DATA SECTION Block Start

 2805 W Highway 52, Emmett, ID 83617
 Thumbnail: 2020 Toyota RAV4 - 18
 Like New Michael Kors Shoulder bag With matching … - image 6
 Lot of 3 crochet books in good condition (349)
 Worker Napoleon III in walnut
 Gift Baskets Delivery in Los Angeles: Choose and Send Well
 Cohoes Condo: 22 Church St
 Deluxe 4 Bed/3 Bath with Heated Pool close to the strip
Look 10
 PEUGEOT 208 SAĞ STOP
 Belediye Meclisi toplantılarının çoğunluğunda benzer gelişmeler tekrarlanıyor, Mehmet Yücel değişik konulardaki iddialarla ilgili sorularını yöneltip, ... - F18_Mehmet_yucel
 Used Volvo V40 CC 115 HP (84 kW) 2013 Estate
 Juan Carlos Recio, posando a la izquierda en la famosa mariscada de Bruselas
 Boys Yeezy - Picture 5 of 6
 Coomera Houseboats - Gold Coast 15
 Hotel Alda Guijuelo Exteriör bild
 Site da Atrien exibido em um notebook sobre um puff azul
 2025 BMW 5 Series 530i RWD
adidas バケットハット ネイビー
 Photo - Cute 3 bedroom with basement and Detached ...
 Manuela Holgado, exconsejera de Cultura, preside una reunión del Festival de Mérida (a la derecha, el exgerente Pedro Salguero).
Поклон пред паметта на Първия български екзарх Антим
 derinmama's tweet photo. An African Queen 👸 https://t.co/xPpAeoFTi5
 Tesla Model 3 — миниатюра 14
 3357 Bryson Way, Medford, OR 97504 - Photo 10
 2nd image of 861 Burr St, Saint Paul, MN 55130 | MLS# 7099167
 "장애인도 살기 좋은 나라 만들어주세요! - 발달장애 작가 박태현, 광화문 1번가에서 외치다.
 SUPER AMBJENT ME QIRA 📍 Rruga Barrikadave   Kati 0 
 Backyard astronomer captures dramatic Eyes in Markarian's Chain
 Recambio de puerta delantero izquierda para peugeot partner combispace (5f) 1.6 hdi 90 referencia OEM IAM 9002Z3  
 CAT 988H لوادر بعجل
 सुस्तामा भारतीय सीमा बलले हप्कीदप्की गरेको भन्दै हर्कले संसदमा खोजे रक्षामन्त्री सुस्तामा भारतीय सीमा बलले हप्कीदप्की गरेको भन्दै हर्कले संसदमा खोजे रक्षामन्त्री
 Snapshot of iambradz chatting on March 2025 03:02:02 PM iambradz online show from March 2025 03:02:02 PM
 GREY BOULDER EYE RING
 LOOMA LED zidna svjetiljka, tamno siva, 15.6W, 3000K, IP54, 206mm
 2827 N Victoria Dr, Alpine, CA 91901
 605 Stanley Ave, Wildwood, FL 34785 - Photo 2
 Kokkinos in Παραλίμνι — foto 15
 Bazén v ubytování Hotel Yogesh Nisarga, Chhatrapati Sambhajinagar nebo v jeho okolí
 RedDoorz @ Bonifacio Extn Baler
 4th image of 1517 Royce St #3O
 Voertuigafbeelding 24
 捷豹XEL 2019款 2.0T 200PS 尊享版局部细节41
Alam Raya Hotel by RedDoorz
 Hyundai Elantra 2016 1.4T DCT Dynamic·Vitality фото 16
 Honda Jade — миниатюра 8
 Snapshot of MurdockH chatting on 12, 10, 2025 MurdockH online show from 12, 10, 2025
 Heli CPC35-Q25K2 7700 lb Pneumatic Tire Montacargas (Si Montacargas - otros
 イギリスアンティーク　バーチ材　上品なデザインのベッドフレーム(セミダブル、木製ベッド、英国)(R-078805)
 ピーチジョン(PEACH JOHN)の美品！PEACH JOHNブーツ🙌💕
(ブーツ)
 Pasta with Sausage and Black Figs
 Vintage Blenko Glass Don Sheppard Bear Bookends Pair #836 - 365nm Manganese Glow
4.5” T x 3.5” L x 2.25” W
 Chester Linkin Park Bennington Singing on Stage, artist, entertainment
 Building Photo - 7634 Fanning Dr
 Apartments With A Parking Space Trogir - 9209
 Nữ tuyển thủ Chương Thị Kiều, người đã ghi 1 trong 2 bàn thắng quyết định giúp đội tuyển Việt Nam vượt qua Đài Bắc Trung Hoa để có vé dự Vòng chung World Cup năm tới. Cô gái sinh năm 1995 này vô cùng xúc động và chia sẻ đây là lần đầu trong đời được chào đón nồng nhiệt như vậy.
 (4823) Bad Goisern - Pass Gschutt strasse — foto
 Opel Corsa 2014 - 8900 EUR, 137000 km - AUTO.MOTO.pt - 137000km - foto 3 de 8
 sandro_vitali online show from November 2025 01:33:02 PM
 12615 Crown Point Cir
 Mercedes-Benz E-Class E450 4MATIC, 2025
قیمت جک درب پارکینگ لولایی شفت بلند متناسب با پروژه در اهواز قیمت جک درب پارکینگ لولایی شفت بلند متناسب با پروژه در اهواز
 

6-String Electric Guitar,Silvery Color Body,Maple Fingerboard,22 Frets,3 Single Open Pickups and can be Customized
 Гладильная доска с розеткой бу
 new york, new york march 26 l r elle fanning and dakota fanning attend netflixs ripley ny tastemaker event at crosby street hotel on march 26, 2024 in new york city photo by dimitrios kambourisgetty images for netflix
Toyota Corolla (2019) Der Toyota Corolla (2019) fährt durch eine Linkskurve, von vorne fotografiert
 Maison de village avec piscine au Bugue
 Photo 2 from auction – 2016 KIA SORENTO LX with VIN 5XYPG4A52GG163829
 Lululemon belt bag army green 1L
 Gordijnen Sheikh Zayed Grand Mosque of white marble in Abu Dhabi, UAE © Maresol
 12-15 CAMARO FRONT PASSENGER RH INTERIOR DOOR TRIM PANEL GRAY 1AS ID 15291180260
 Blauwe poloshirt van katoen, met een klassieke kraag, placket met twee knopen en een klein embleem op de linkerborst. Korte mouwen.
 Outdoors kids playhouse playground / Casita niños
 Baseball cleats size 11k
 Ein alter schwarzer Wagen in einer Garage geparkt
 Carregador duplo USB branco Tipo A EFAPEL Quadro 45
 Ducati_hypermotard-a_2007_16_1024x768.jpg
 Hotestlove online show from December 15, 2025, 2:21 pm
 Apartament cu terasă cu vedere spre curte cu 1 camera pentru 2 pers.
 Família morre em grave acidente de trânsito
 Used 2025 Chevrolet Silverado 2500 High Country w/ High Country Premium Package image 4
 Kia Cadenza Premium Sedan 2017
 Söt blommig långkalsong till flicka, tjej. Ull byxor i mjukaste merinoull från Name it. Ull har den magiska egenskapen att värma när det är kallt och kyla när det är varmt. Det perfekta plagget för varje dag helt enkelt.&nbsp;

DATA SECTION Block End

— WHAT YOU NEED TO DO —
Each record above should be transcribed exactly.

— EXERCISE ANSWER —
 2805 W Highway 52, Emmett, ID 83617
 Thumbnail: 2020 Toyota RAV4 - 18
 Like New Michael Kors Shoulder bag With matching … - image 6
 Lot of 3 crochet books in good condition (349)
 Worker Napoleon III in walnut
 Gift Baskets Delivery in Los Angeles: Choose and Send Well
 Cohoes Condo: 22 Church St
 Deluxe 4 Bed/3 Bath with Heated Pool close to the strip
Look 10
 PEUGEOT 208 SAĞ STOP
 Belediye Meclisi toplantılarının çoğunluğunda benzer gelişmeler tekrarlanıyor, Mehmet Yücel değişik konulardaki iddialarla ilgili sorularını yöneltip, ... - F18_Mehmet_yucel
 Used Volvo V40 CC 115 HP (84 kW) 2013 Estate
 Juan Carlos Recio, posando a la izquierda en la famosa mariscada de Bruselas
 Boys Yeezy - Picture 5 of 6
 Coomera Houseboats - Gold Coast 15
 Hotel Alda Guijuelo Exteriör bild
 Site da Atrien exibido em um notebook sobre um puff azul
 2025 BMW 5 Series 530i RWD
adidas バケットハット ネイビー
 Photo - Cute 3 bedroom with basement and Detached ...
 Manuela Holgado, exconsejera de Cultura, preside una reunión del Festival de Mérida (a la derecha, el exgerente Pedro Salguero).
Поклон пред паметта на Първия български екзарх Антим
 derinmama's tweet photo. An African Queen 👸 https://t.co/xPpAeoFTi5
 Tesla Model 3 — миниатюра 14
 3357 Bryson Way, Medford, OR 97504 - Photo 10
 2nd image of 861 Burr St, Saint Paul, MN 55130 | MLS# 7099167
 "장애인도 살기 좋은 나라 만들어주세요! - 발달장애 작가 박태현, 광화문 1번가에서 외치다.
 SUPER AMBJENT ME QIRA 📍 Rruga Barrikadave   Kati 0 
 Backyard astronomer captures dramatic Eyes in Markarian's Chain
 Recambio de puerta delantero izquierda para peugeot partner combispace (5f) 1.6 hdi 90 referencia OEM IAM 9002Z3  
 CAT 988H لوادر بعجل
 सुस्तामा भारतीय सीमा बलले हप्कीदप्की गरेको भन्दै हर्कले संसदमा खोजे रक्षामन्त्री सुस्तामा भारतीय सीमा बलले हप्कीदप्की गरेको भन्दै हर्कले संसदमा खोजे रक्षामन्त्री
 Snapshot of iambradz chatting on March 2025 03:02:02 PM iambradz online show from March 2025 03:02:02 PM
 GREY BOULDER EYE RING
 LOOMA LED zidna svjetiljka, tamno siva, 15.6W, 3000K, IP54, 206mm
 2827 N Victoria Dr, Alpine, CA 91901
 605 Stanley Ave, Wildwood, FL 34785 - Photo 2
 Kokkinos in Παραλίμνι — foto 15
 Bazén v ubytování Hotel Yogesh Nisarga, Chhatrapati Sambhajinagar nebo v jeho okolí
 RedDoorz @ Bonifacio Extn Baler
 4th image of 1517 Royce St #3O
 Voertuigafbeelding 24
 捷豹XEL 2019款 2.0T 200PS 尊享版局部细节41
Alam Raya Hotel by RedDoorz
 Hyundai Elantra 2016 1.4T DCT Dynamic·Vitality фото 16
 Honda Jade — миниатюра 8
 Snapshot of MurdockH chatting on 12, 10, 2025 MurdockH online show from 12, 10, 2025
 Heli CPC35-Q25K2 7700 lb Pneumatic Tire Montacargas (Si Montacargas - otros
 イギリスアンティーク　バーチ材　上品なデザインのベッドフレーム(セミダブル、木製ベッド、英国)(R-078805)
 ピーチジョン(PEACH JOHN)の美品！PEACH JOHNブーツ🙌💕
(ブーツ)
 Pasta with Sausage and Black Figs
 Vintage Blenko Glass Don Sheppard Bear Bookends Pair #836 - 365nm Manganese Glow
4.5” T x 3.5” L x 2.25” W
 Chester Linkin Park Bennington Singing on Stage, artist, entertainment
 Building Photo - 7634 Fanning Dr
 Apartments With A Parking Space Trogir - 9209
 Nữ tuyển thủ Chương Thị Kiều, người đã ghi 1 trong 2 bàn thắng quyết định giúp đội tuyển Việt Nam vượt qua Đài Bắc Trung Hoa để có vé dự Vòng chung World Cup năm tới. Cô gái sinh năm 1995 này vô cùng xúc động và chia sẻ đây là lần đầu trong đời được chào đón nồng nhiệt như vậy.
 (4823) Bad Goisern - Pass Gschutt strasse — foto
 Opel Corsa 2014 - 8900 EUR, 137000 km - AUTO.MOTO.pt - 137000km - foto 3 de 8
 sandro_vitali online show from November 2025 01:33:02 PM
 12615 Crown Point Cir
 Mercedes-Benz E-Class E450 4MATIC, 2025
قیمت جک درب پارکینگ لولایی شفت بلند متناسب با پروژه در اهواز قیمت جک درب پارکینگ لولایی شفت بلند متناسب با پروژه در اهواز
 

6-String Electric Guitar,Silvery Color Body,Maple Fingerboard,22 Frets,3 Single Open Pickups and can be Customized
 Гладильная доска с розеткой бу
 new york, new york march 26 l r elle fanning and dakota fanning attend netflixs ripley ny tastemaker event at crosby street hotel on march 26, 2024 in new york city photo by dimitrios kambourisgetty images for netflix
Toyota Corolla (2019) Der Toyota Corolla (2019) fährt durch eine Linkskurve, von vorne fotografiert
 Maison de village avec piscine au Bugue
 Photo 2 from auction – 2016 KIA SORENTO LX with VIN 5XYPG4A52GG163829
 Lululemon belt bag army green 1L
 Gordijnen Sheikh Zayed Grand Mosque of white marble in Abu Dhabi, UAE © Maresol
 12-15 CAMARO FRONT PASSENGER RH INTERIOR DOOR TRIM PANEL GRAY 1AS ID 15291180260
 Blauwe poloshirt van katoen, met een klassieke kraag, placket met twee knopen en een klein embleem op de linkerborst. Korte mouwen.
 Outdoors kids playhouse playground / Casita niños
 Baseball cleats size 11k
 Ein alter schwarzer Wagen in einer Garage geparkt
 Carregador duplo USB branco Tipo A EFAPEL Quadro 45
 Ducati_hypermotard-a_2007_16_1024x768.jpg
 Hotestlove online show from December 15, 2025, 2:21 pm
 Apartament cu terasă cu vedere spre curte cu 1 camera pentru 2 pers.
 Família morre em grave acidente de trânsito
 Used 2025 Chevrolet Silverado 2500 High Country w/ High Country Premium Package image 4
 Kia Cadenza Premium Sedan 2017
 Söt blommig långkalsong till flicka, tjej. Ull byxor i mjukaste merinoull från Name it. Ull har den magiska egenskapen att värma när det är kallt och kyla när det är varmt. Det perfekta plagget för varje dag helt enkelt.&nbsp;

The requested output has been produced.